## Exercise goal
Your task is to restate the listing word for word without the pictures.
- Opening Delimiter -
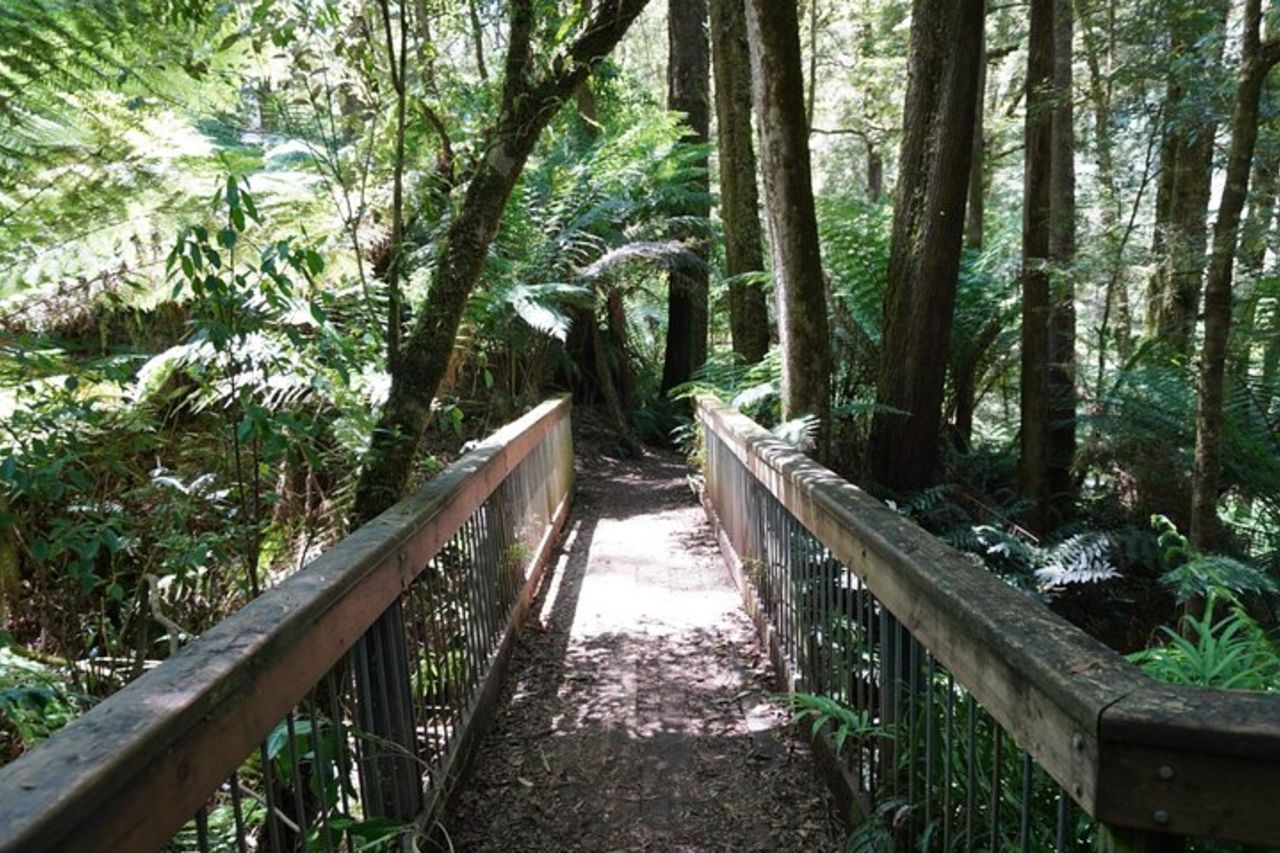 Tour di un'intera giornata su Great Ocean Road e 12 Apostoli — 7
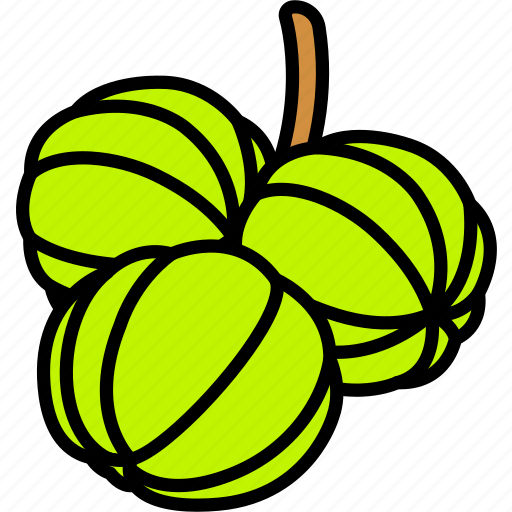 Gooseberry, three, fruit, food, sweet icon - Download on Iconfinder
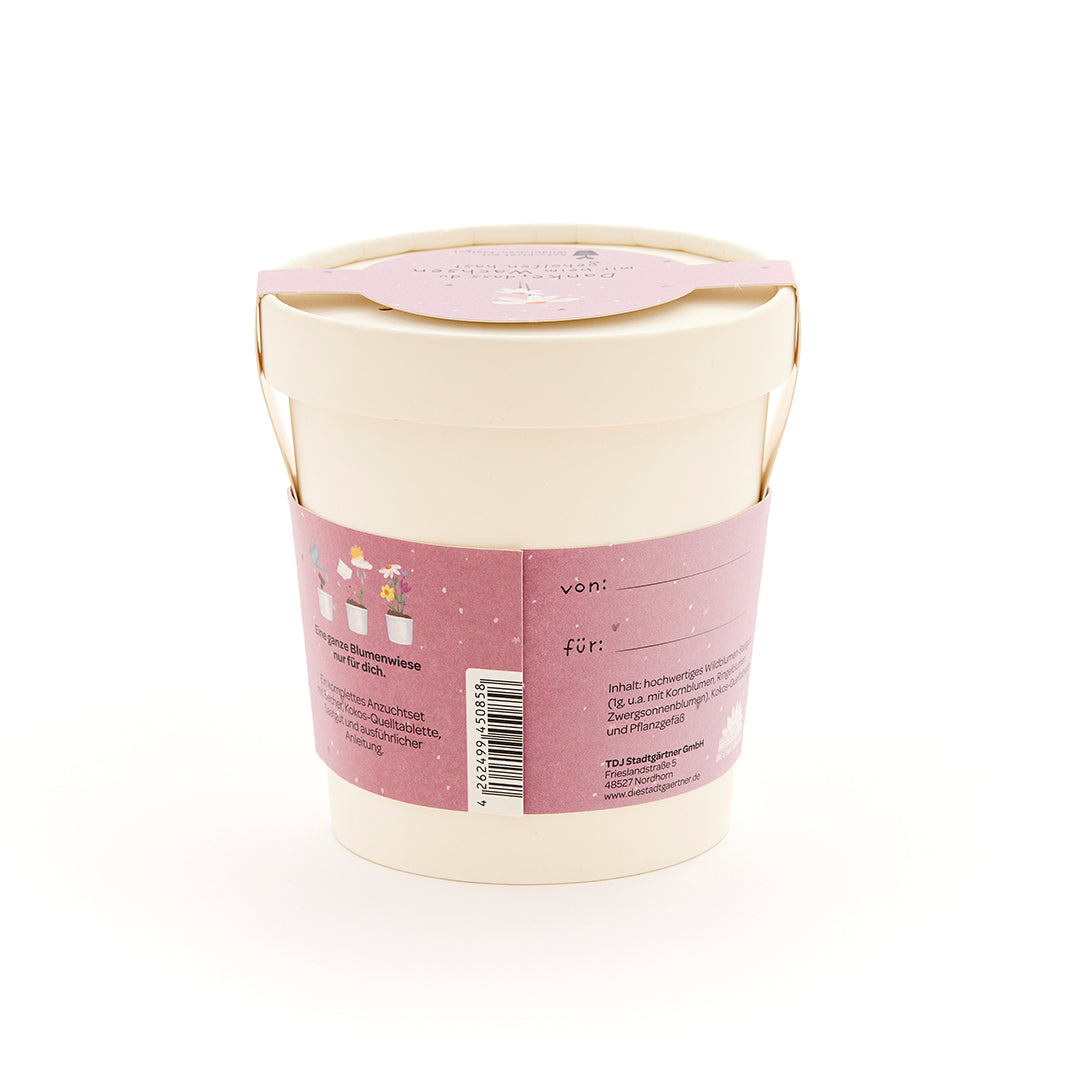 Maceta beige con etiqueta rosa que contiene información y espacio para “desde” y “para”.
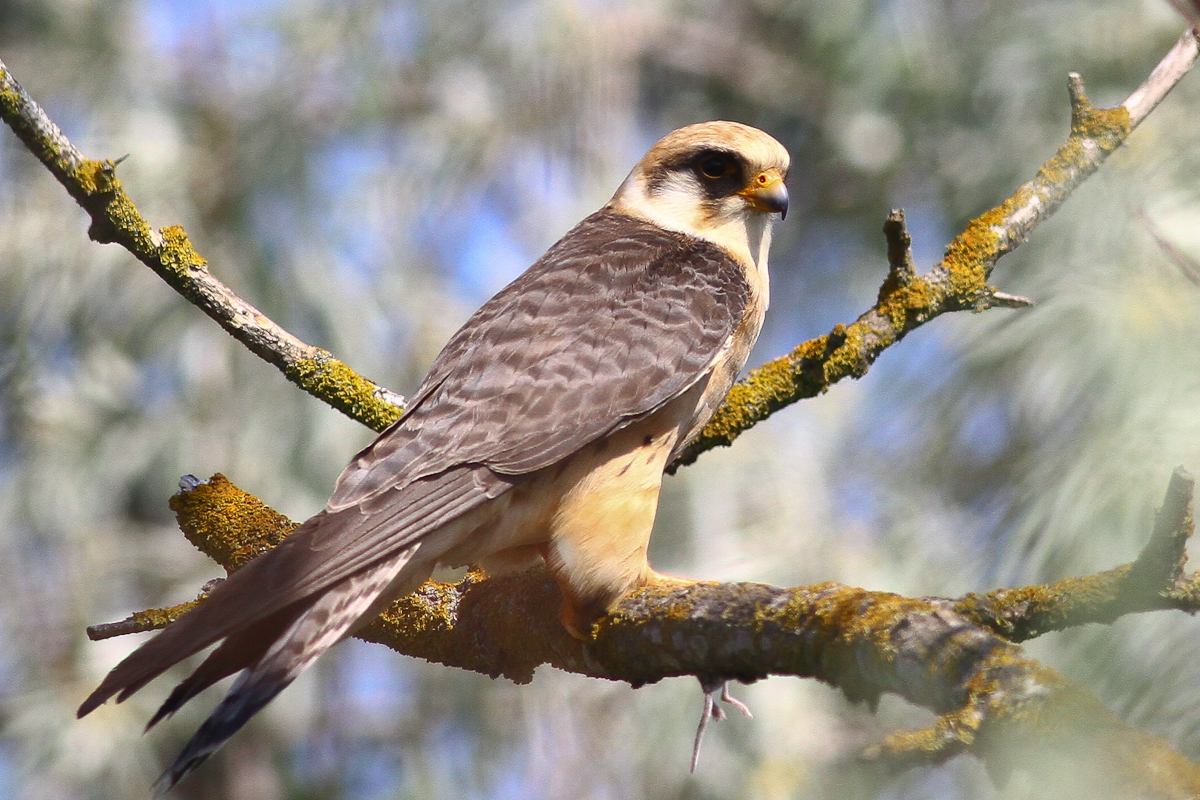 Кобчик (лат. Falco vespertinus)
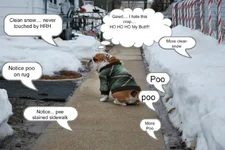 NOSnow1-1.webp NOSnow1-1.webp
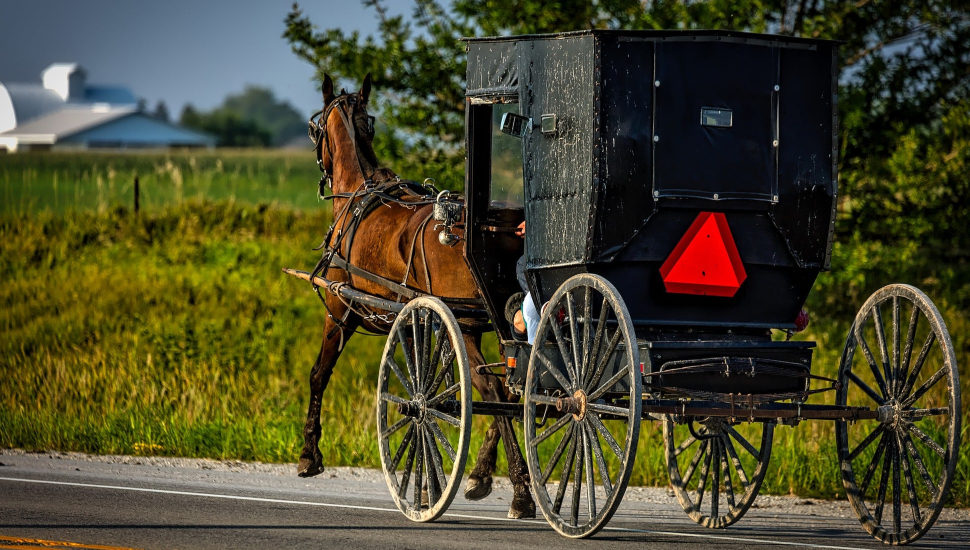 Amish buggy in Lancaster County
- Closing Delimiter -
## Solved exercise
 Tour di un'intera giornata su Great Ocean Road e 12 Apostoli — 7
 Gooseberry, three, fruit, food, sweet icon - Download on Iconfinder
 Maceta beige con etiqueta rosa que contiene información y espacio para “desde” y “para”.
 Кобчик (лат. Falco vespertinus)
 NOSnow1-1.webp NOSnow1-1.webp
 Amish buggy in Lancaster County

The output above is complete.